Analyse. Die Republikaner von Ex-Premier Sargsjan verhinderten die Wahl des neuen Premiers. Sie spielen auf Zeit und hoffen auf Neuwahlen. Ein riskantes Spiel.
Wien/Eriwan. Zwischen den Tuffsteinbauten auf dem Eriwaner Republiksplatz herrschte gestern Volksfeststimmung. Hupend fuhren Autos und Lastwagen vorbei, Demonstranten tanzten und jubelten. Auch an anderen Orten der Hauptstadt, wo Oppositionsaktivisten dem Ruf Nikol Paschinjans folgend die Straßen abgesperrt hatten, bot sich ein ähnliches Bild: Überall war da Euphorie, Freudenstimmung, Siegesgewissheit.
Dass der bärtige Paschinjan, das prominente Gesicht der armenischen Protestbewegung und mittlerweile auch auf T-Shirts gedrucktes Idol, tags zuvor beim Votum im Parlament von einer knappen Mehrheit der Abgeordneten abgelehnt worden war, tat der Begeisterung keinen Abbruch. Im Gegenteil: Jene Armenier, die seit drei Wochen für eine Ablösung der Regierung demonstrieren, sind siegessicherer als je zuvor. Dass die meisten Abgeordneten der regierenden Republikaner von Sersch Sargsjan den Oppositionspolitiker abgelehnt haben, obwohl dieser Tausende von Unzufriedenen mobilisiert hat, stellt in den Augen der Demonstranten eine moralische und politische Bankrotterklärung dar. Doch im Parlament hat Paschinjan nun einmal keine Mehrheit. Und die Ankündigung der Republikaner, ihn zum Premier zu wählen, erwies sich als leeres Versprechen.
Neuerlicher Versuch am 8. Mai
Die verpatzte Wahl am Dienstag folgte einer mehrstündigen Debatte, in der die Abgeordneten Paschinjan mit Fragen bombardiert hatten, die darauf gezielt hatten, Zweifel an seinen Führungsqualitäten zu wecken. Schließlich stimmten nur 45 von 105 Abgeordneten für den Oppositionsführer. Er hätte mindestens 53 Stimmen benötigt. Die Republikaner, die die staatlichen Institutionen und den Sicherheitsapparat kontrollieren, wollen die Macht nicht abgeben. Parlamentspräsident Ara Bablojan berief am Mittwoch eine neuerliche Sondersitzung für den 8. Mai um zwölf Uhr ein. Sollte die Wahl des Premierministers neuerlich misslingen, müssen laut Verfassung Neuwahlen ausgerufen werden.

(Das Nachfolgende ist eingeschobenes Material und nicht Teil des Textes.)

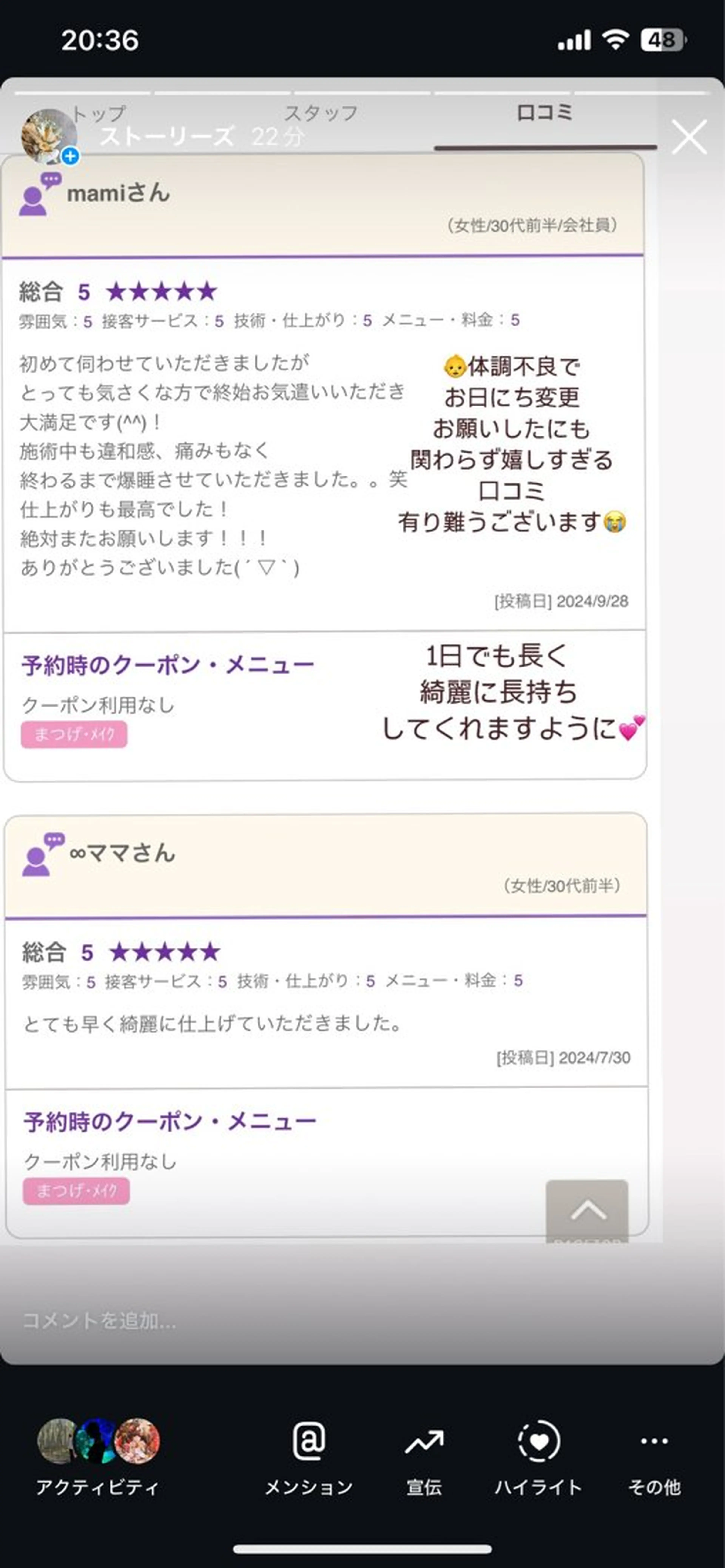 マツエク・マツパ カリス所属・charis✳︎ akiのマツエク・マツパデザイン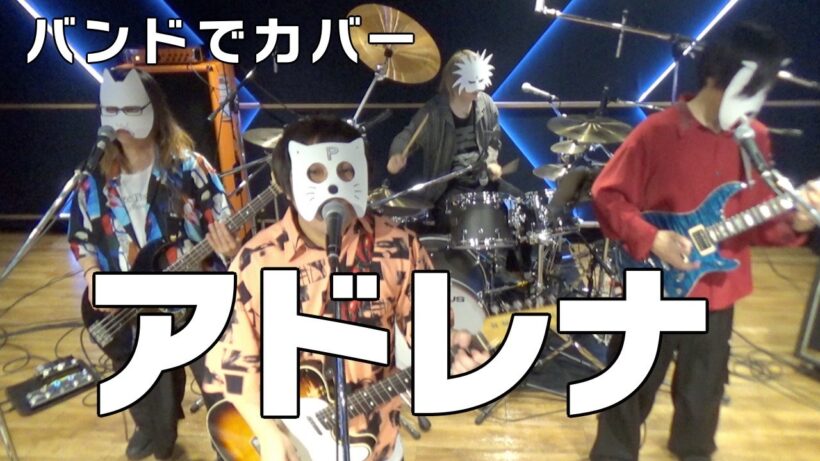 バンドで花ざかりの君たちへOP『アドレナ(YOASOBI)』を演奏。流田Project
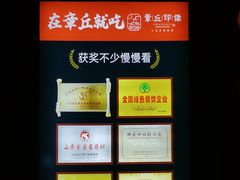 -章丘宴(唐人中心店)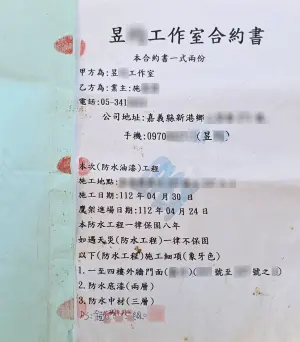 業者在合約中喊出防水保固8年,專家認為是說大話。(圖/住宅消保會提供) ▲業者在合約中喊出防水保固8年,專家認為是說大話。(圖/住宅消保會提供)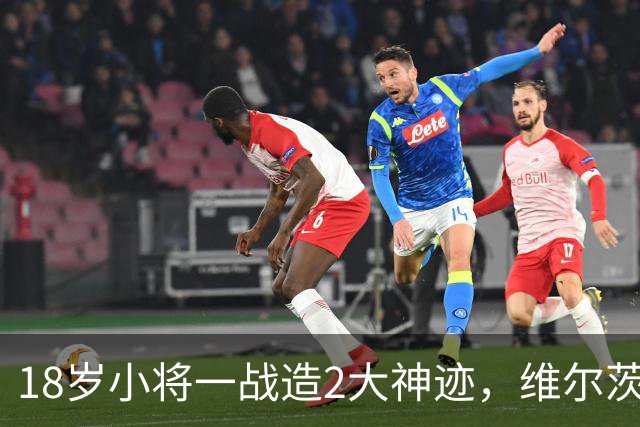 18岁小将一战造2大神迹，维尔茨破球荒，利物浦4-3逆转黄潜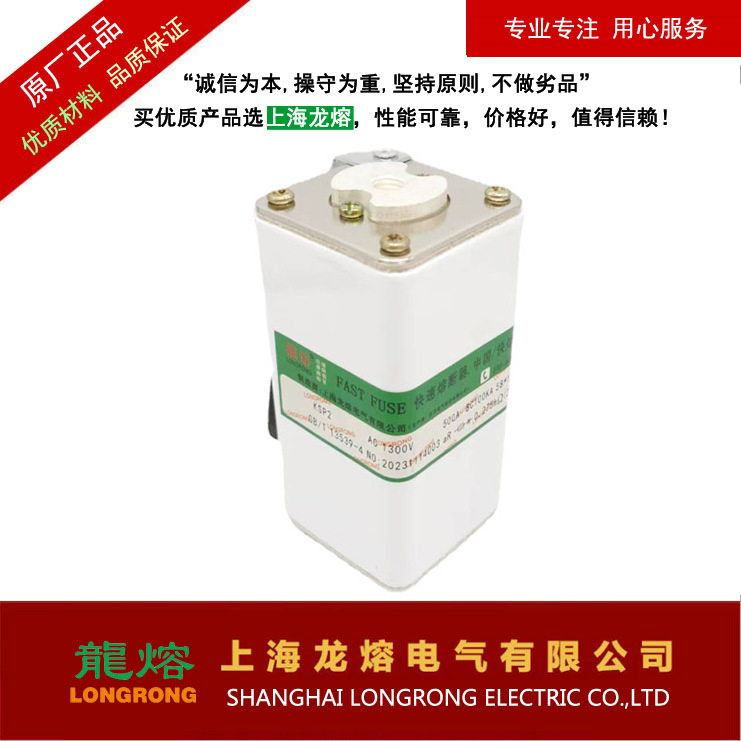 KSP2 1300V 710A800A，"龍熔LONGRONG"上海龙熔，熔断器10年品牌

Die knappe Woche bedeutet für beide Seiten vor allem eines: Zeit. Paschinjan, der einen „Generalstreik“ ausgerufen hat, will den Druck der Straße aufrechterhalten. Gestern blockierten Oppositionsanhänger mehrere wichtige Verbindungsstraßen und Eisenbahnlinien. Allerdings sind nicht alle Armenier von der Blockade begeistert. Je länger die Unklarheit anhält, desto lauter dürfte auch die Kritik an dem Oppositionsführer werden. Die Regierung hingegen drängt – vordergründig zumindest – auf Verhandlungen. Übergangspremier Karen Karapetjan rief die politischen Kräfte des Landes zu Gesprächen auf. Armenien benötige „zivilisierte, praktische und schnelle Entscheidungen, um die politische Krise zu lösen“, sagte er. Auch Staatspräsident Armen Sarkissjan rief alle Kräfte zum Verhandlungstisch.
Politik der Verhinderung
Die Regierung will einen Premier Paschinjan offenkundig um jeden Preis verhindern. Man munkelt, dass sie Robert Kotscharjan als Premier vorschlagen könnte. Kotscharjan war Sargsjans Vorgänger als Präsident. Seine Nominierung dürfte die Oppositionskräfte wohl kaum zufriedenstellen. Die Verhinderungspolitik der Elite vertieft die Gräben zwischen den Lagern und stachelt die Opposition ihrerseits zu waghalsigen Aktionen an. Aus heutiger Sicht scheint Armenien auf Neuwahlen zuzusteuern. Das Kalkül der Republikaner könnte sein, dass bei einem Wahlgang die Karten wieder neu gemischt werden – und Paschinjan bis dahin das Image des Revolutionshelden längst los ist.